Следует также учитывать, что такие широко известные германские законы как Салическая Правда, Рипуарская Правда, Баварская Правда предусматривают не уменьшенный вергельд за убийство женщины, а наоборот, увеличенный, И если в Баварской Правде за убийство женщины платят двойной вергельд, по сравнению с убийством мужчины, то Рипуарская Правда и Салическая Правда предусматривают тройной вергельд за убийство женщины, способной к деторождению. Если кто лишит жизни свободную женщину, и будет уличен, присуждается к уплате 24000 ден., что составляет 600 сол. Если кто нанесет побои свободной беременной женщине, и если она умрет, присуждается к уплате 28000 ден., что составляет 700 сол. За убийство беременной женщины платился самый большой штраф во всем немецком законодательстве.

Убийство жены (ст. 88 Русской Правды) каралось «тем же судом», что и мужа.

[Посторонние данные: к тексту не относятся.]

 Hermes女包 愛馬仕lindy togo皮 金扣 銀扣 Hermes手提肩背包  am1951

Из преступлений, посягавших на личные права женщин, карались изнасилования, многоженство, кровосмешение, супружеские измены. Формой наказания были штрафы, многие ученые обращают внимание на очень высокие штрафы за данные преступления. Видимо устанавливая такие штрафы, законодатель надеялся, что это напугает потенциальных нарушителей и они откажутся от совершения преступлений. Объяснить столь высокие штрафы, скорее всего поможет опыт Византии, в которой за большинство рассматриваемых преступлений предусматривались членовредительные наказания, не прижившиеся на Русской земле. Иногда штрафы были просто огромны - за «блуд» свёкра со снохой, за сожительство двух братьев с одной женой - 100 гривен. Трудно сказать, откуда виновные брали такие суммы. Помимо штрафов в статьях церковных указов устанавливалась «епитимья», и имелось обычно добавления «князь казнит» (т.е. наказывает). В чём суть этого «князь казнит» - определить невозможно. Может быть, наиболее приемлема точка зрения, согласно которой реализация наказания осуществлялась светскими органами, церковь этим не занималась.

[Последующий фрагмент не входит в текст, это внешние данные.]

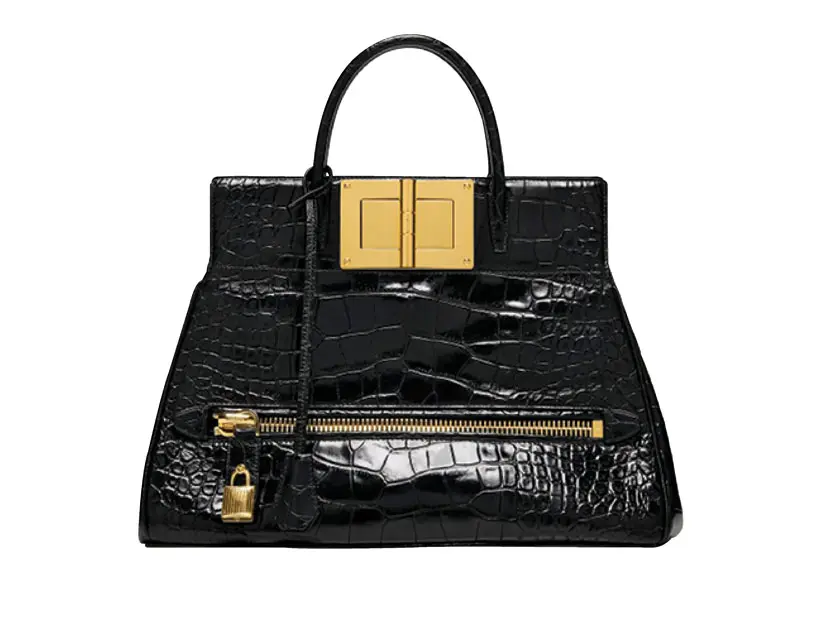 Tom Ford alligator Natalia doctor bag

Для определения правового статуса женщины на Руси следует рассмотреть еще один тип преступлений против женщин, который Пушкарева H.JL определяет как dehonestatio mulieris (обесчещение, оскорбление чести), данные преступления она подразделяет на две основные категории: оскорбление чести путем совершения какого-либо непристойного поступка, действия и словесное оскорбление. Данные преступления начинают регулироваться русским законодательство довольно таки рано. Одним из наиболее тяжких преступлений первой категории было «пошибание» (изнасилование). Изнасилование женщины приравнивалось к ее убийству, В Устав Ярослава встречаются статьи, которые носят ярко выраженный классовый характер. За изнасилование и оскорбление женщины устанавливался штраф, размер которого зависел от положения потерпевшей. Если потерпевшая была женой или дочерью боярина, то наибольшая сумма. Если малого боярина, то меньше, если простого человека, то ещё меньше.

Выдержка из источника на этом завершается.